Chapter 10

Strictness, Macros and
Efficiency

10.1

Defining Partially Strict Data Structures and Functions

10.2

Defining Graphs on the Global Level

10.3

Defining Macros

10.4

Efficiency Tips

Programming in a functional language means that one should focus on algorithms and without wor­ry­ing about all kinds of efficiency details. However, when large applications are being written it may hap­pen that this attitude re­sults in a program that is unacceptably inefficient in time and/or space.

In this Chapter we explain several kinds of annotations and directives that can be defined in Clean. These annotations and directives are designed to give the programmer some means to influence the time and space behavior of Clean applications.

Clean is by default a lazy language: applications will only be evaluated when their results are needed for the final outcome of the program. However, lazy evaluation is in general not very efficient. It is much more efficient to compute function arguments in advance (strict evaluation) when it is known that the arguments will be used in the function body. By using strictness annotations in type defini­tions the evaluation order of data structures and functions can be changed from lazy to strict. This is explained in Section 10.1.

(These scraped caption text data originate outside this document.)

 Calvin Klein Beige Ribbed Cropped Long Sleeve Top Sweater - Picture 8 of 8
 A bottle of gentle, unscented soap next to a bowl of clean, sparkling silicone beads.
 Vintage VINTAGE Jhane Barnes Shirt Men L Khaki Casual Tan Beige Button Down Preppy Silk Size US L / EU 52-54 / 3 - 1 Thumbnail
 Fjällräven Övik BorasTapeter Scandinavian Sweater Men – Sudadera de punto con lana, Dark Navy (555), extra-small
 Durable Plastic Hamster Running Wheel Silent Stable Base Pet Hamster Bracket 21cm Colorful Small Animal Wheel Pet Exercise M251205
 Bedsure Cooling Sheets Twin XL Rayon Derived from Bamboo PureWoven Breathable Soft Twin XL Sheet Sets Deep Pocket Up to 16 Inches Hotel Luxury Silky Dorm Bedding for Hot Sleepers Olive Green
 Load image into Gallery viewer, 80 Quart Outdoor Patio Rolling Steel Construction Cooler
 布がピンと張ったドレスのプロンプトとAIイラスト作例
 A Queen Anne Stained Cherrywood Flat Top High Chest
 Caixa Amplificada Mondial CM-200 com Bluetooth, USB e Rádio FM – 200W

One can define constant graphs on the global level also known as Constant Applicative Forms (see Section 10.2). Unlike constant functions, these constant graphs are shared such that they are computed only one. This generally reduces execution time possibly at the cost of some heap space needed to re­member the shared graph constants.

Macro’s (Section 10.3) are special functions that will already be substituted (evaluated) at compile-time. This generally reduces execution time (the work has already been done by the compiler) but it will lead to an increase of object code.

10.1  Annotations to Change Lazy Evaluation into Strict Evaluation

Clean uses by default a lazy evaluation  strategy: a redex is only evaluated when it is needed to com­pute the final result. Some functional languages (e.g. ML, Harper et al.) use an eager (strict) evaluation strat­egy and always evaluate all function arguments in advance.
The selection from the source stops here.